# Simple Trig substitution; find my error

• Feb 6th 2014, 08:17 PM
Tclack
Simple Trig substitution; find my error
So, I was trying to do an easy trig. substitution problems in two different ways (changing which leg to make which on the triangle)
And I came up with two very similar answers, The one that is correct has been determined by both my book and mathematica.

But, I can't see why the wrong one is wrong. Any ideas?
• Feb 7th 2014, 01:05 AM
BobP
Re: Simple Trig substitution; find my error
I'm slightly confused because the answer on the right, the one you say is correct, is missing a negative sign isn't it ?

That aside, the two answers are equivalent, the confusion coming from your use of $\theta$ for both calculations. It would have been better to use $\theta$ for one and $\phi$ for the other.

Then, $\theta + \phi = \pi/2,$ that is, $\tan^{-1}(e^{x}/2)+\tan^{-1}(2/e^{x})=\pi/2,$ or

$\tan^{-1}(e^{x}/2)=\pi/2-\tan^{-1}(2/e^{x}).$

The $\pi/2$ gets swallowed up by the constant of integration.
• Feb 7th 2014, 09:19 AM
Tclack
Re: Simple Trig substitution; find my error
You are correct, There IS a missing negative. Good catch. BUT, that aside:

These are independent triangles (the one on the right is not the one on the left flipped over with me evaluating the other angle);
So the dilemma is that I could have chosen either leg to be 2 and either to be e^x, why do I get two different answers?

I actually just found another post in the trigonometry section with the [I]same[I] type of problem.

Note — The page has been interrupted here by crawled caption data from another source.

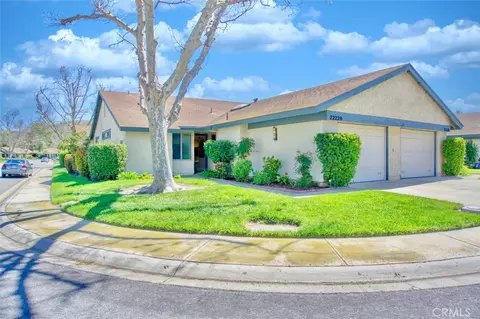 22220 Village 22, Camarillo, CA 93012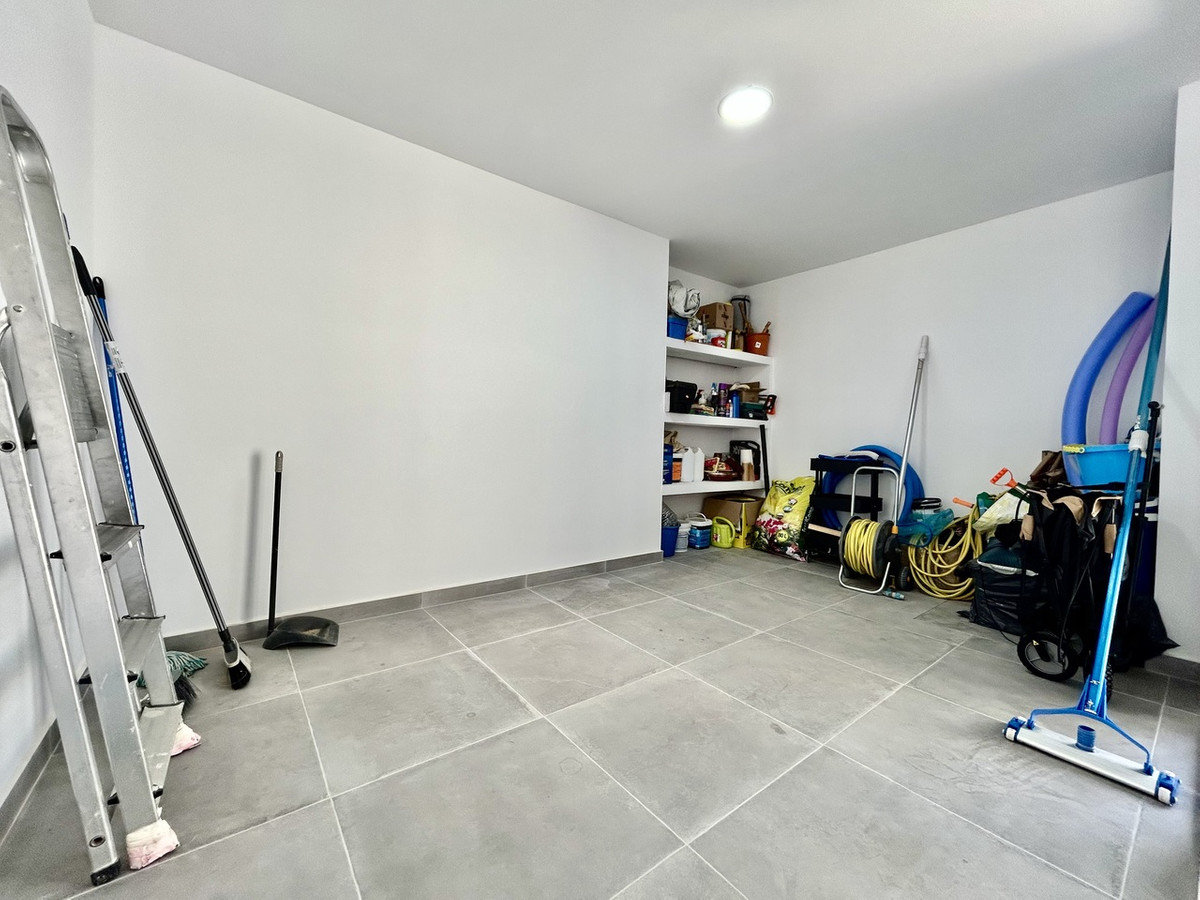 Nachtclub te koop in Algorfa | 4 slaapkamers H5464975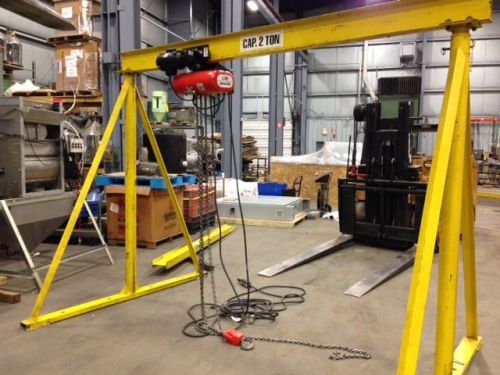 2 Ton Woodstock Gantry Crane w/ Loadstar CM Series 635 Hoist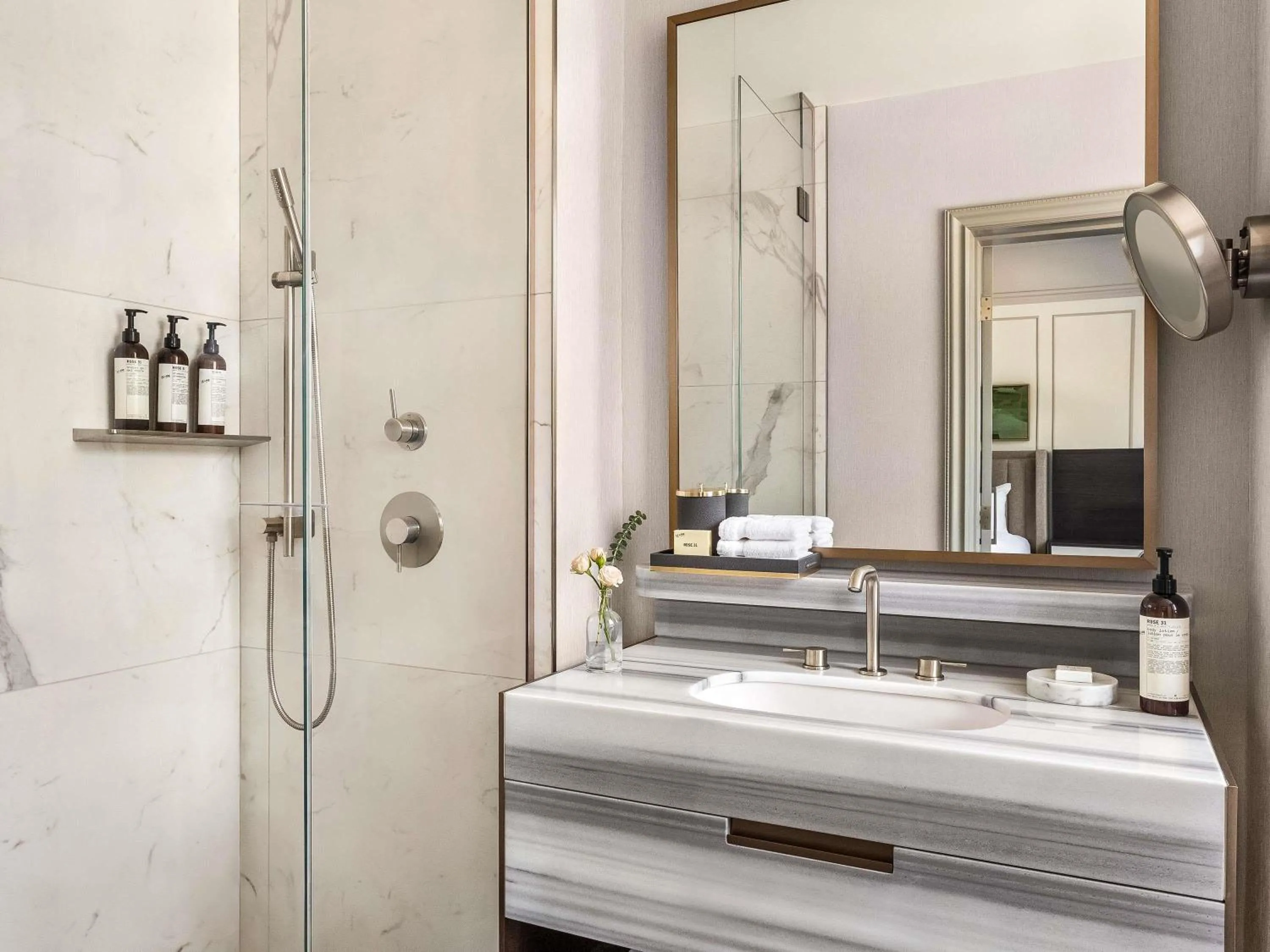 Bedroom in Fairmont Château Lake Louise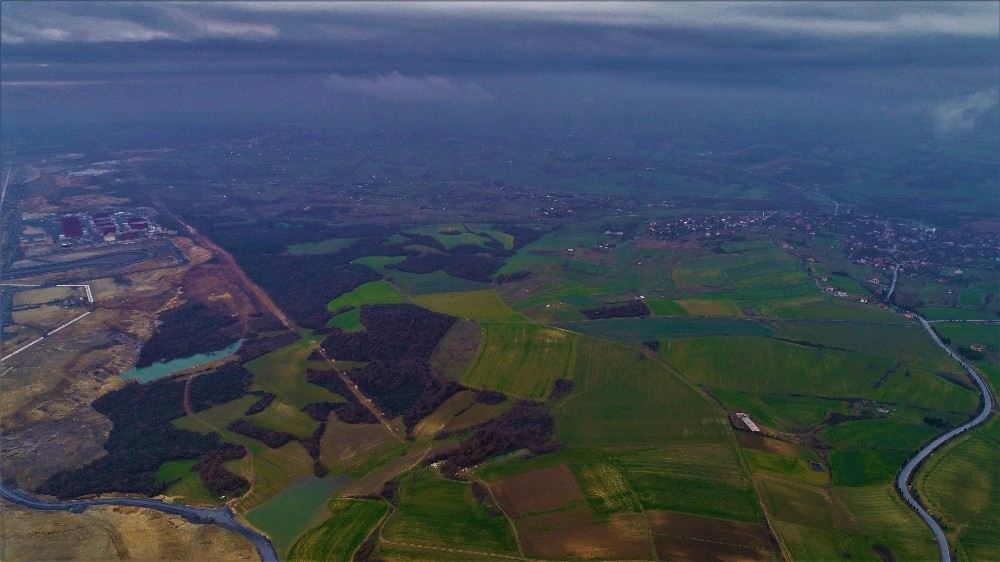 İstanbul Havalimanına Komşu Tarlalar İcradan Yarı Fiyatına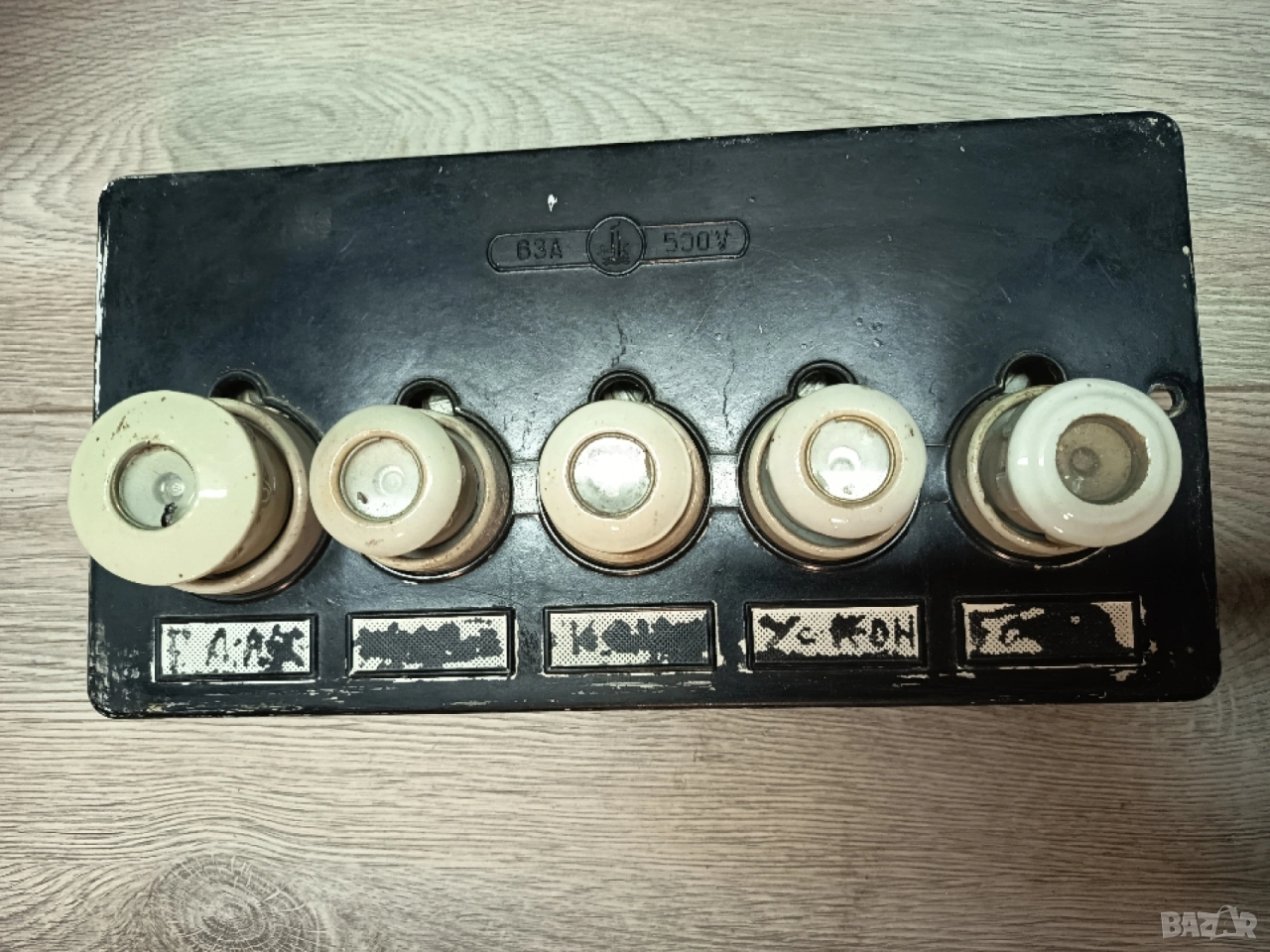 Бакелитов капак за апартаментно табло от соца, снимка 1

Here:
http://mathhelpforum.com/trigonometr...tml#post809986

This must be a common occurrence.
• Feb 8th 2014, 12:13 AM
BobP
Re: Simple Trig substitution; find my error
Both results are correct (after that negative sign has been included in the right hand one).
They are just two different ways of expressing the same result.
Check it by evaluating both results between limits.
• Feb 8th 2014, 07:29 AM
Tclack
Re: Simple Trig substitution; find my error
I don't know what you mean by evaluating between limits. Are you talking about the squeeze theorem? It seems much easier to evaluate by setting them equal to eachother, which is giving an erroneous result:
Attachment 30144
So the error either lies in the check I did above or in the setup or evaluation of the problem (as shown in my first picture posted....except for that stupid negative sign mistake)
Aggh, this is driving me crazy. If I can't see what I'm doing wrong, it takes away all the confidence I have in the results of all other trig. substitution problems.
• Feb 8th 2014, 08:06 AM
BobP
Re: Simple Trig substitution; find my error
Look again at the result towards the end of #2, that is the relationship between the two arctangents, (not the one in your last post which is wrong).
The $\pi/2$ doesn't appear in the result for the second of the integrals because it is taken up by the constant of integration.
By checking between limits, I meant choose some random limits of integration and evaluate the integral according to your two results, they will be the same.
• Feb 8th 2014, 04:13 PM
Tclack
Re: Simple Trig substitution; find my error
I'm sorry Bob, I'm not understanding what you are saying above. Could you be more clear or show me exactly how the two answers are equivalent if indeed they are? (I really do appreciate your effort). Moreover, what's wrong with the second picture? Both angles are the same, so they should produce a true statement when I set them equal to each other. (i.e. Both $\theta$'s ARE the same angle $\theta$; that's how I set them up.)

(I can't emphasize it enough, I'm evaluating the SAME angle in two different ways. I DO know that if one angle in a triangle is $\pi/2$, then the sum of the other two angles is also $\pi/2$. But that's not the case here. So, it shouldn't matter which leg I choose to be $e^x$ and which one I choose to be $2$. )
• Feb 9th 2014, 01:18 AM
BobP
Re: Simple Trig substitution; find my error
Forget your triangles and angles, and look again at the relationship given at the bottom of #2, (the one that links the two arctangents).

Convince yourself that it is correct. You can do that by choosing (several times) some arbitrary value for x and substituting in on both sides of the equation, and seeing that both sides produce the same result. Alternatively, if you have access to a graph plotter, plot each side separately, the two graphs will be the same.

Now look at the second of the two results, the one that you label as correct, (but remember to put that negative sign in). Substitute using the relationship discussed above.
-arctan(2/exp(x))=arctan(exp(x)/2) - pi/2, (sorry, latex isn't working for me).

The pi/2 gets lumped together with the existing constant of integration, constant plus constant equals constant.
You finish up with your first result, (which is simply an alternative form for the result and is as equally correct as the other).
• Feb 10th 2014, 09:07 AM
Tclack
Re: Simple Trig substitution; find my error
I understand now. I took the derivative of both sides on the first picture (after the negative was put in) and got back to the original problem. Thank you for your patience Bob.